=== Available data ===

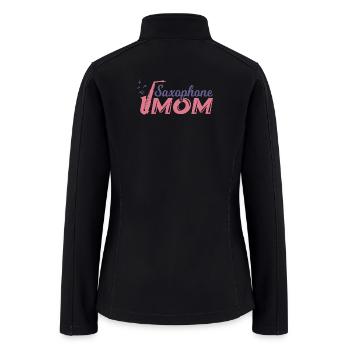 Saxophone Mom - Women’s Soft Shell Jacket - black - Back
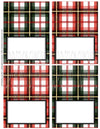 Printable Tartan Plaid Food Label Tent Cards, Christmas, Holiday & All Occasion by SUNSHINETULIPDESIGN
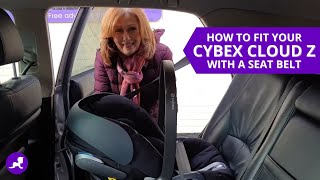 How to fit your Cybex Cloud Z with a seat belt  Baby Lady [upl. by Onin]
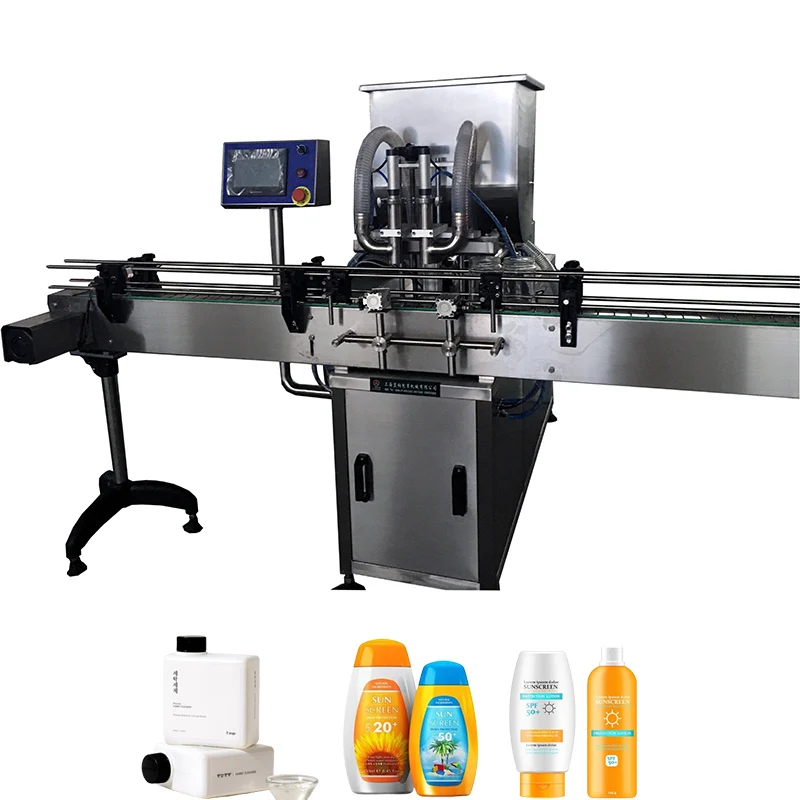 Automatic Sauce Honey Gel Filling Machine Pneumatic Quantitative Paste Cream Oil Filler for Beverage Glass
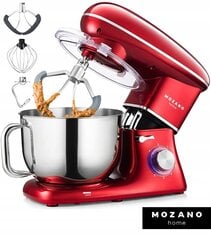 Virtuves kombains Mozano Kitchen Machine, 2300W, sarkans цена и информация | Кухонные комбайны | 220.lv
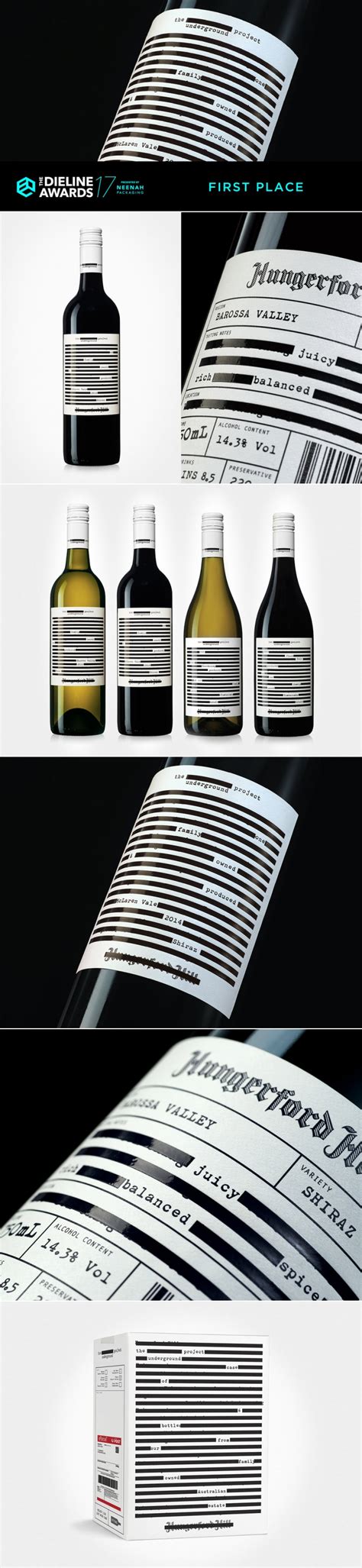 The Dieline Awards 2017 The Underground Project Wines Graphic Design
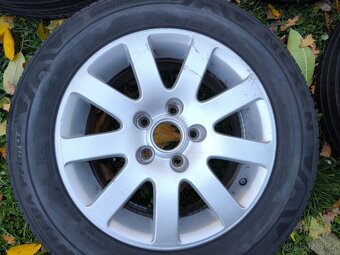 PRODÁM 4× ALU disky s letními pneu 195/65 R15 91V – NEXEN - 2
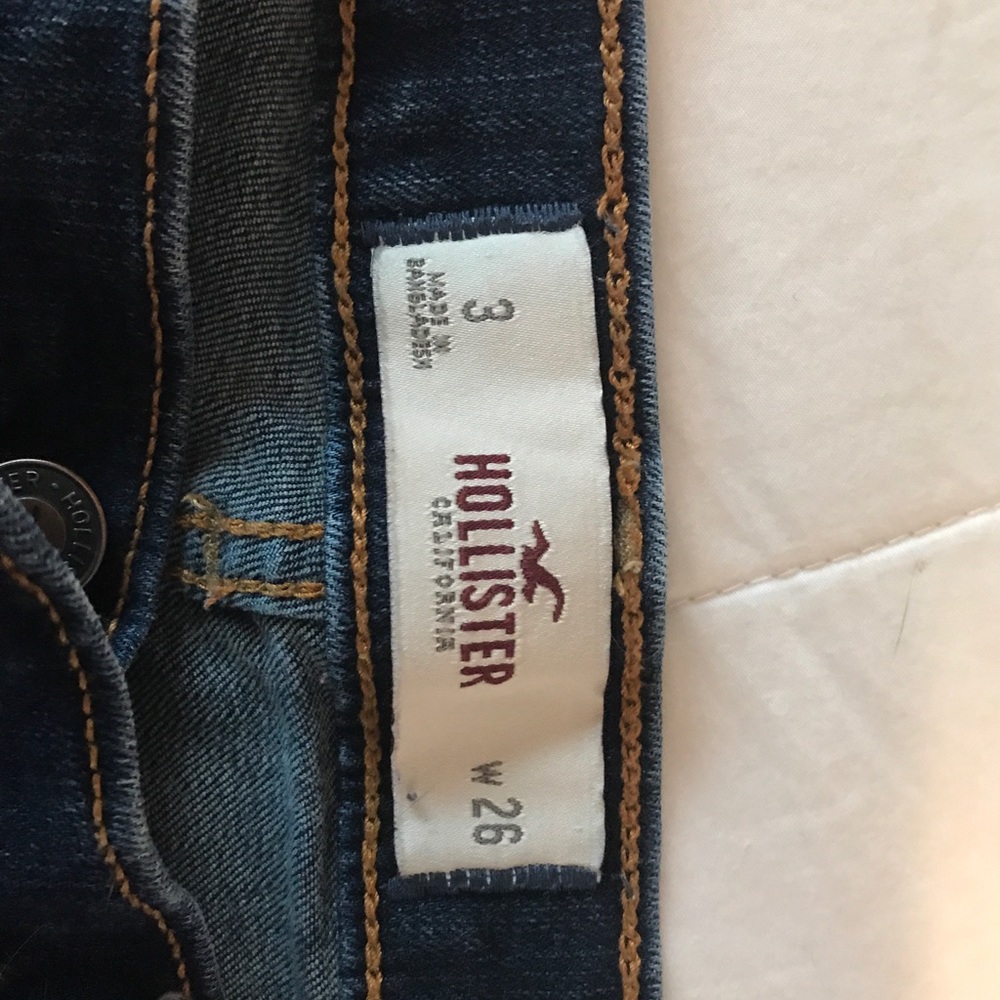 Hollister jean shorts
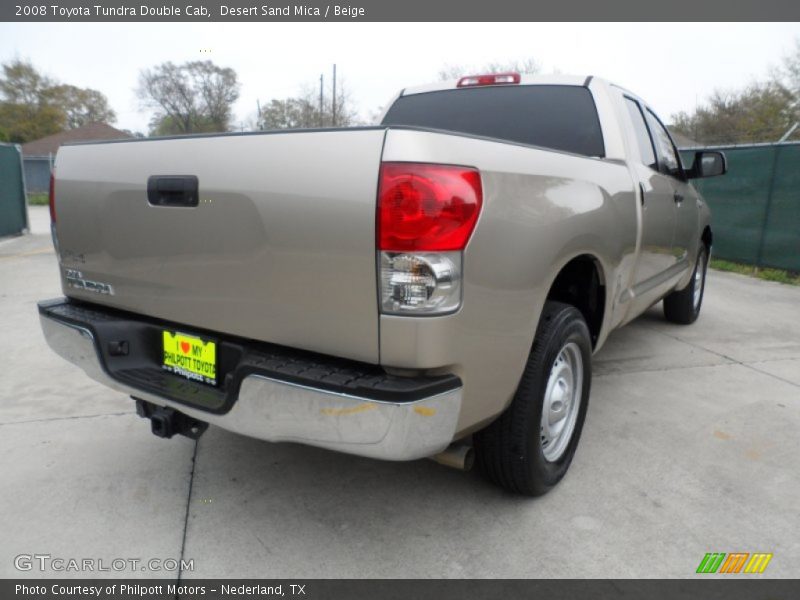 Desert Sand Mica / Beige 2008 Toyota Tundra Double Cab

===

# Instructions to follow:
Copy out the material above in full and exactly, but with no pictures.

# Solution to this problem:
 Saxophone Mom - Women’s Soft Shell Jacket - black - Back
 Printable Tartan Plaid Food Label Tent Cards, Christmas, Holiday & All Occasion by SUNSHINETULIPDESIGN
 How to fit your Cybex Cloud Z with a seat belt  Baby Lady [upl. by Onin]
 Automatic Sauce Honey Gel Filling Machine Pneumatic Quantitative Paste Cream Oil Filler for Beverage Glass
 Virtuves kombains Mozano Kitchen Machine, 2300W, sarkans цена и информация | Кухонные комбайны | 220.lv
 The Dieline Awards 2017 The Underground Project Wines Graphic Design
 PRODÁM 4× ALU disky s letními pneu 195/65 R15 91V – NEXEN - 2
 Hollister jean shorts
 Desert Sand Mica / Beige 2008 Toyota Tundra Double Cab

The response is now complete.